Question from Deborah Mallory, Tucson, Arizona: “I’ve been going to the same hairstylist for almost nine years and I genuinely like her as a person, but something feels off lately. My hair never quite looks the way I picture it, and I dread the appointment a little more each time. How do I know if it’s time to move on, or if I’m just being too picky?”

Loyalty is such a loaded thing when it comes to hair. You build a relationship, you tip well, you remember her kids’ names, and suddenly nine years have gone by and you’re sitting in the car afterward trying to figure out why you feel vaguely disappointed every single time. I see this more than you might think, and honestly, the women who feel it most are usually the ones who are the least demanding clients in the first place. The ones who say “whatever you think” and mean it kindly, not passively.

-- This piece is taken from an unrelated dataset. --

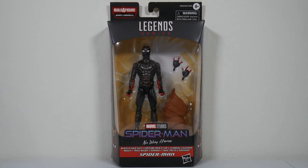Up next, the Marvel Legends Spider-Man Armadillo Build-A-Figure Wave — black and gold suit Spider-Man from the upcoming film Spider-Man No Way Home. Please like, share, and subscribe to my channel. Now let's talk about it.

Here’s the thing I want you to sit with before we get into the signs: wanting something better for your hair does not make you disloyal. It doesn’t erase nine years of good appointments or mean she’s a bad stylist. People grow in different directions. Clients change, their hair changes, and stylists either grow with them or they don’t. I’ve had clients I adored who I could tell were not getting what they needed from me anymore, and the kindest thing anyone could do in that situation is be honest about it, even if that honesty is just quietly finding someone new. You don’t owe your hairstylist your hair forever. You just owe yourself a good cut.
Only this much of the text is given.